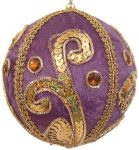 Μώβ Χριστουγεννιάτικη Μπάλα 10cm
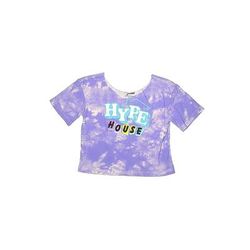 Jerry Leigh Apparel Short Sleeve T-Shirt: Purple Tie-dye Tops - Kids Girl's Size Large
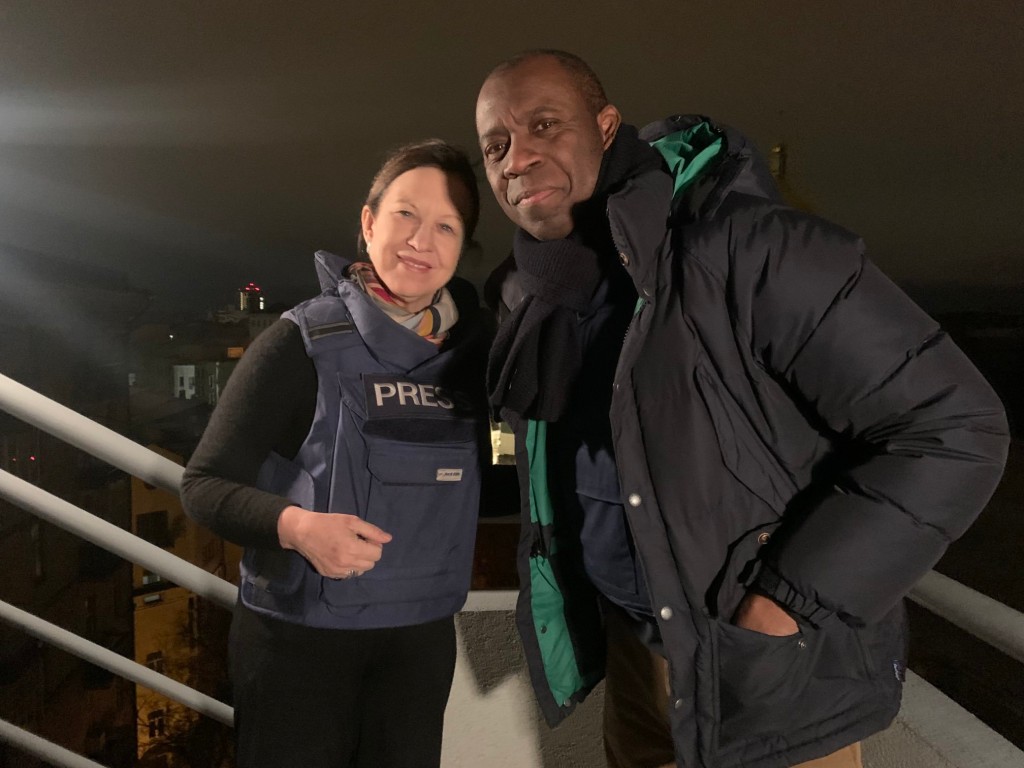 Clive Myrie and Lyse Doucet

====

> Your assignment
Leave the pictures aside. Set down exactly the lines from the one with "Jerry Leigh Apparel" through the final line of the listing above.

> Answer space
 Jerry Leigh Apparel Short Sleeve T-Shirt: Purple Tie-dye Tops - Kids Girl's Size Large
 Clive Myrie and Lyse Doucet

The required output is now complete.